The persistence of stigma, however, remains as such mainly because the actual cause of most mental illnesses remain a mystery to medical science.
Cultural anthropology arose as a reaction against the early evolutionary efforts in Europe to define humankind in biological terms…Anthropology challenges the mechanisms of exclusion- race, class, sex, and the institutionalization of the “insane”, for example”.
As further evidence of stigma’s mutability, Grinker points to several historical factors or patterns that have shaped the dynamics of the stigma of mental illnesses. For example, psychological impairment acquired new meaning in capitalism.
“The most stigmatized people tend to be those who do not conform to the ideal modern worker, the autonomous, self-reliant individual. In a country like the United States, with minimal hereditary distinctions, we place a high value on independence, social and economic mobility and self-sufficiency.”
But if capitalism can create mental health stigma, then changes to economic systems like Capitalism should, in theory, have the ability to affect stigma, says Grinker.Such changes are already underway.

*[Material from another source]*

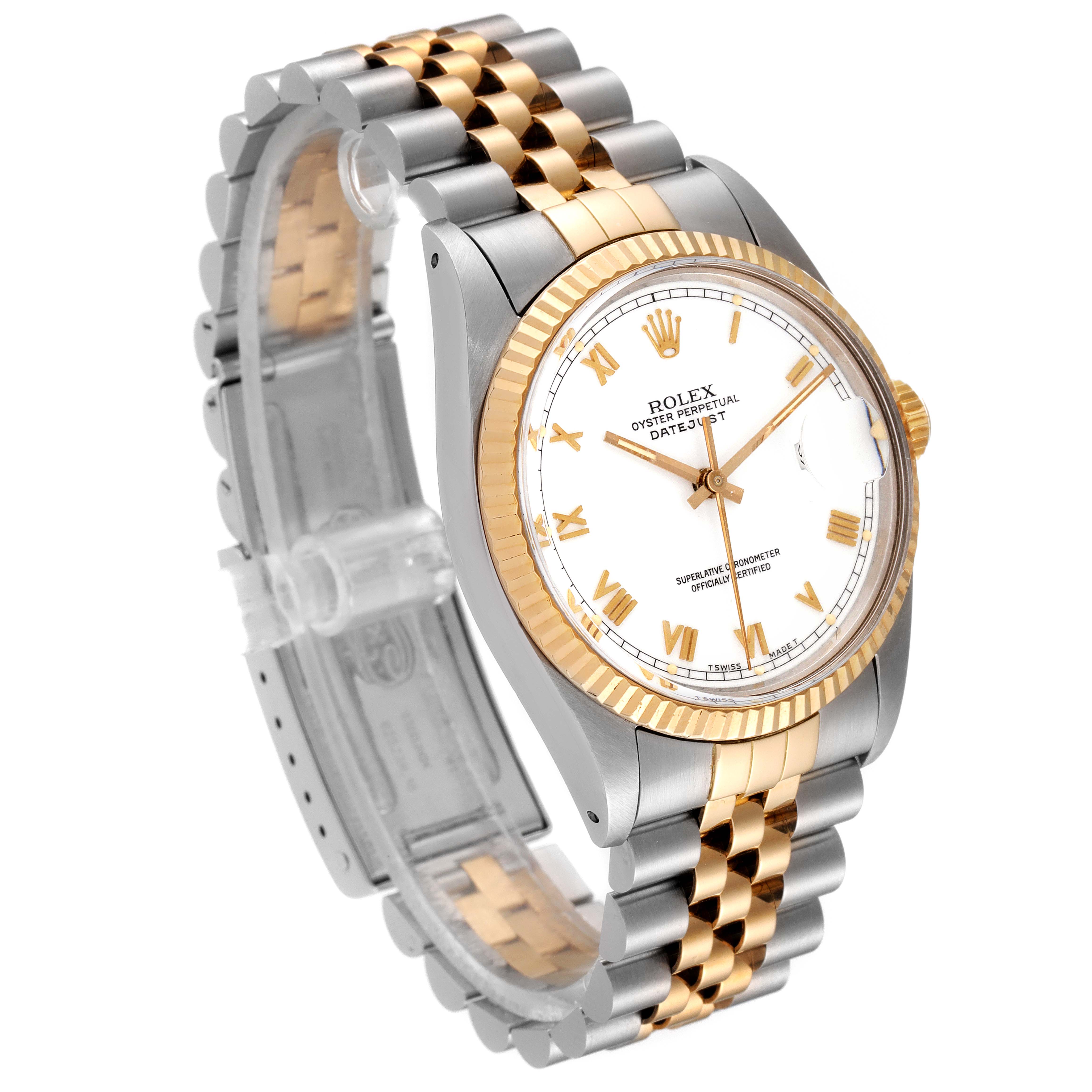 This Vintage Collection Rolex watch is shown at a slight angle, revealing the face, case, and two-tone metal bracelet.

“Today’s workers can be self-employed, work from home, work part-time, combine paid work with family care or volunteerism, interact virtually rather than in person, and even live with his or her parents.”
Such economic shifts have translated into new accommodations and greater access to previously marginalized (due to stigma) from education and employment opportunities.
Another historical pattern is war. World War I, World War II, The Korean War and the war in Vietnam, were to give rise to the disciplines of psychiatry and psychology.
“In wartime, psychiatric disturbances became an acceptable response to stress, whether inside or outside of combat. And because soldiers were, in effect, employed by the military, many of those who might have been unemployed and stigmatized in the civilian sector were integrated into a new community, their personality differences often muted by conformity to military structure.”
During the Second World War, for example, the commonality of mental illnesses in American society was exposed. There was also the recognition that more doctors needed to be trained as psychiatrists and the realization that mental illnesses were treatable outside of asylums and hospitals. It was this that prompted President Harry S. Truman to set up the National Institutes of mental Health (NIMH) while ordering the military to write a manual for the diagnosis of mental disorders Diagnostic and Statistical Manual of Mental Disorders.
As devastating and as costly in terms of lives lost and billions of US dollars spent, the armed conflicts in Afghanistan and Iraq were, they did help refocus on stigma of mental illness in the US and “efforts to eliminate barriers to mental health care have continued unabated”.
An increase in the medicalization of mental illness is yet another historical factor that has defined stigma. Such technical or scientific solutions hide or ignore the social origins of disease and stigma, says Grinker. Such separation assumes a separation of mind from body, and mind from the surroundings in which we inhabit.
“Who knows how many people who suffer from physical ailments could benefit from mental health care and yet do not seek treatment because they are convinced that bodily symptoms are unrelated to mind, and also because physical illnesses are more socially acceptable while mental illnesses are stigmatized,” writes Grinker.